_ABOUT THIS EXERCISE_: Only the lines running from the line with "Manufaktura | M074S-JZ35" to the end of the listing below should be copied, exactly, without pictures.

_DATA_:
——————

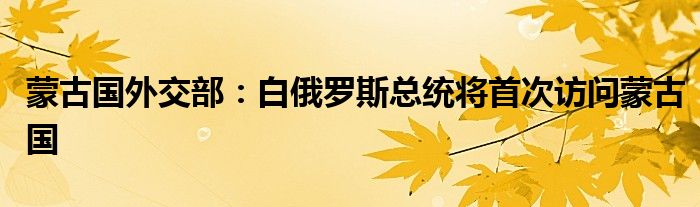 蒙古国外交部：白俄罗斯总统将首次访问蒙古国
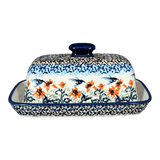 Butter Dish, American, 4" x 7.5" in "Hummingbird Harvest" by Manufaktura | M074S-JZ35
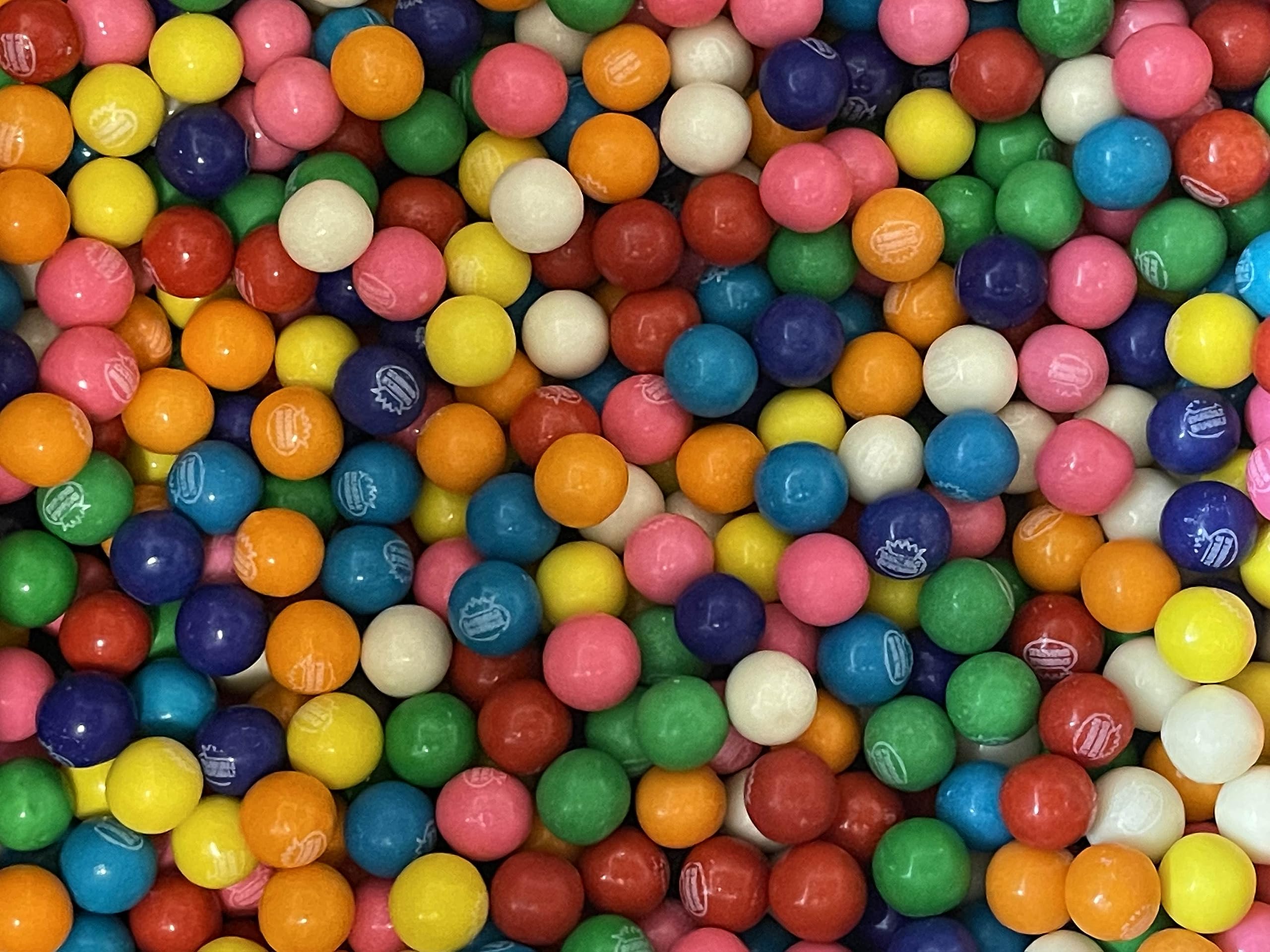 Eueasy Dubble Bubble gum balls poured in a clear vending jar for display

——————

_SOLUTION FOR THIS PROBLEM_:
 Butter Dish, American, 4" x 7.5" in "Hummingbird Harvest" by Manufaktura | M074S-JZ35
 Eueasy Dubble Bubble gum balls poured in a clear vending jar for display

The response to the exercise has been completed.